__Exercise brief__: Down to the last character, write out the records below.

╭─ Material to process

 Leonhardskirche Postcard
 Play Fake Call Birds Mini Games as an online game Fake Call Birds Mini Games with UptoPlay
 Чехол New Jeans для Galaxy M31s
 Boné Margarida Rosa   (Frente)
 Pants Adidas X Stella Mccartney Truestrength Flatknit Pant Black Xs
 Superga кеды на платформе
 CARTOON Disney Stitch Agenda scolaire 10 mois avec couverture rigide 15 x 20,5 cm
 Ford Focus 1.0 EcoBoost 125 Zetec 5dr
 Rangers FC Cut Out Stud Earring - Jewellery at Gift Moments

╰─

__Exercise response__:
 Leonhardskirche Postcard
 Play Fake Call Birds Mini Games as an online game Fake Call Birds Mini Games with UptoPlay
 Чехол New Jeans для Galaxy M31s
 Boné Margarida Rosa   (Frente)
 Pants Adidas X Stella Mccartney Truestrength Flatknit Pant Black Xs
 Superga кеды на платформе
 CARTOON Disney Stitch Agenda scolaire 10 mois avec couverture rigide 15 x 20,5 cm
 Ford Focus 1.0 EcoBoost 125 Zetec 5dr
 Rangers FC Cut Out Stud Earring - Jewellery at Gift Moments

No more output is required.